## REQUIRED ACTION:
Return, exactly and in full, the lines of the records below starting at the one with "Does a sleeping" and ending at the one with "Miel de graine de nigelle (habba Sawda)", and no other lines.

[Items from a data source]
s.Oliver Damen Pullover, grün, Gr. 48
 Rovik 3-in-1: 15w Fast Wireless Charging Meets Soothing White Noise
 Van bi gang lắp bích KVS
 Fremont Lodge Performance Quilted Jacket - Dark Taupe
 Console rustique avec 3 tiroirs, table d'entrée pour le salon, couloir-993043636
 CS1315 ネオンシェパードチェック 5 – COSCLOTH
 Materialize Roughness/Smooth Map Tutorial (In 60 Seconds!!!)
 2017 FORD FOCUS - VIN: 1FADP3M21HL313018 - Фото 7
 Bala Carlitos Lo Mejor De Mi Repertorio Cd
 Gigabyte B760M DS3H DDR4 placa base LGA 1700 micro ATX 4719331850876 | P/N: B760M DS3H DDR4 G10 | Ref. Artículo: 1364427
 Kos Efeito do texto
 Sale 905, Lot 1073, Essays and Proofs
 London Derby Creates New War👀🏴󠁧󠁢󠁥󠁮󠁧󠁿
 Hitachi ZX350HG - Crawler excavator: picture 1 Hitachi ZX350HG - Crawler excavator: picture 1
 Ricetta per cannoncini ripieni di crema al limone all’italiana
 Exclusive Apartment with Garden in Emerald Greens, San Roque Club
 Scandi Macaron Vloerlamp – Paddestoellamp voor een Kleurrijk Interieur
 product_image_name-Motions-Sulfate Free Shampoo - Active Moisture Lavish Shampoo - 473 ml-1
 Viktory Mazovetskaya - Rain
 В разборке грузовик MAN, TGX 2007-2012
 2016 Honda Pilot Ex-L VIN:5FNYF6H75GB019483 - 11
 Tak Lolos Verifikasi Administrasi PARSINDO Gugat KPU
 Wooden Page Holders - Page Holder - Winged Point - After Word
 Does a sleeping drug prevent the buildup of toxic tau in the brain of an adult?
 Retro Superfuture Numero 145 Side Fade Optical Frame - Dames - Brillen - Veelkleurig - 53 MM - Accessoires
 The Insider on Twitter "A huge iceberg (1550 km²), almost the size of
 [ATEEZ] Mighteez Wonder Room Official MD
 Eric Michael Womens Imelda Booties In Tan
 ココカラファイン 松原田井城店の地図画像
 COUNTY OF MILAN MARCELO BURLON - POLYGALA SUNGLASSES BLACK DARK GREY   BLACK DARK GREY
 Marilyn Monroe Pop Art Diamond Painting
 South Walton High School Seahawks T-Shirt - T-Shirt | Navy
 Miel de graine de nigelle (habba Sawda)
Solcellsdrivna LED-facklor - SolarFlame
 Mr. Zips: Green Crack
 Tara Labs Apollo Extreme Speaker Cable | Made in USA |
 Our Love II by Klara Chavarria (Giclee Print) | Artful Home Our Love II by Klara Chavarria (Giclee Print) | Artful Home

## OUTPUT FOR THIS TASK:
 Does a sleeping drug prevent the buildup of toxic tau in the brain of an adult?
 Retro Superfuture Numero 145 Side Fade Optical Frame - Dames - Brillen - Veelkleurig - 53 MM - Accessoires
 The Insider on Twitter "A huge iceberg (1550 km²), almost the size of
 [ATEEZ] Mighteez Wonder Room Official MD
 Eric Michael Womens Imelda Booties In Tan
 ココカラファイン 松原田井城店の地図画像
 COUNTY OF MILAN MARCELO BURLON - POLYGALA SUNGLASSES BLACK DARK GREY   BLACK DARK GREY
 Marilyn Monroe Pop Art Diamond Painting
 South Walton High School Seahawks T-Shirt - T-Shirt | Navy
 Miel de graine de nigelle (habba Sawda)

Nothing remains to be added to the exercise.